Burton consistently used editing to contrast the opulence of Wayne Manor and the Commissioner’s Office with the desperation of the streets of Gotham. This contrast isn’t as played up in The Dark Knight, not because Wayne Manor isn’t absurdly large and extravagant, but because the streets of Chicago aren’t nearly as grim as the German Expressionist inspired set design. Inevitably, in both films, the audience could even find themselves somewhat sympathetic with the Joker because he may be off-the-chain crazy, but Bruce Wayne is not a man of the people and his wealth is the only reason he gets to assert his special brand of morality on the city. There is no hint that Batman concerns himself with what drives people to a life of crime, just that they’re evil and justice must be served.

That thought brings me to a young professor I had for a 300-level class on American film history. We came to class and he told us that he had just seen The Dark Knight for the first time, this being April of 2010. He proceeded to go on a semi-coherent rant about how he couldn’t believe that no one else had interpreted the film as Batman being a symbol for George W. Bush. In the rambling, I caught that he insisted the comparisons were blatant; the Hong Kong sequence being a critique on American interference in foreign nations; his dealings with Joker as tackling terrorism; the journalism/media portions of the film being about Bush’s public favour, crafted through the media, rise and deteriorate; and finally the cell-phone sonar being about the unlimited power Bush formulated for himself through unconstitutional levels of surveillance. To him, this warranted the audience falling out of favour with Batman and, in fact, made him like the film less. Sometime later, I had a detailed discussion with @djmddsc about this professor’s take on the film. In the end, we decided that whether or not the Batman/Bush comparison was accurate, it was no reason to dislike such a film. “All the more reason to see it as a film for the times”, said Dan. While I think all films are documents on “their times”, I think Dan was on to something here. The Dark Knight is going to go down as an artifact on American society in the late ’00s.

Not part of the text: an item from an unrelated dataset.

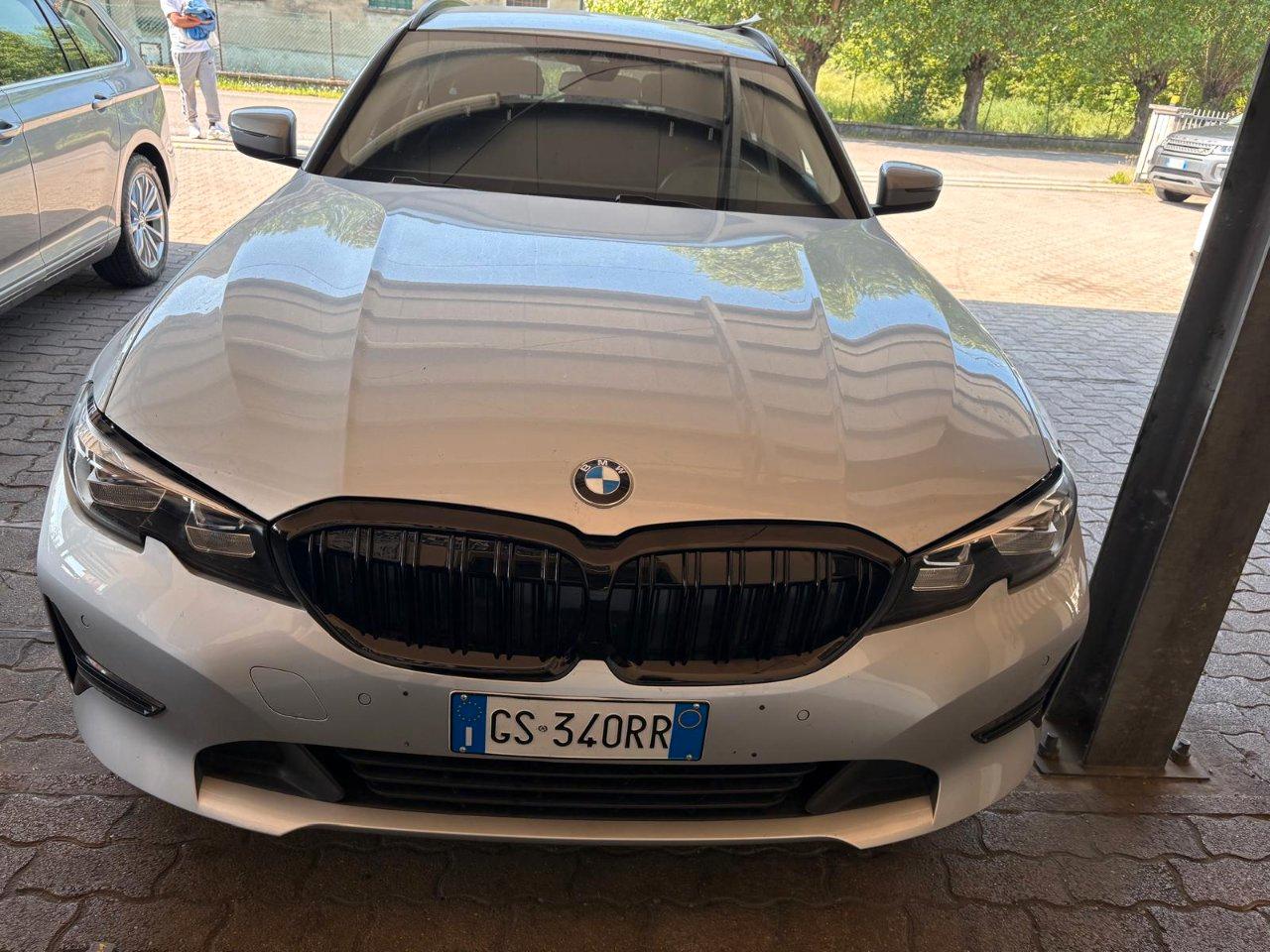 BMW 318 d Touring IBRIDO 48V AUTOMATICO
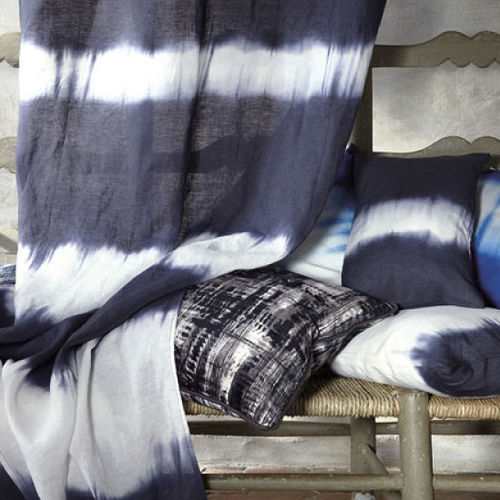 張り地 - ORCHIS : SHIBORI  - BLACK EDITION - カーテン用 / 縞模様 / リネン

And because I love these trivia-type role-that-wasn’t little bits of info, Tim Burton consider a handful of actors for the role of Batman before Michael Keaton was eventually cast: Kevin Costner, Tom Selleck, Pierce Brosnan, Bill Murray, Mel Gibson and Charlie Sheen. Oh, the possibilities!






1 comment
Jon says:
May 25, 2011
(slow clap) fantastic. 1-thank god no one else was cast as the earilier batman…who heard of batman with a mustache *cough* tom selleck 2-batman’s prowess came from his super brain (many sub characters profess that no one was on the same level in terms of intelligence as BW.. but the money certainly helped) lol.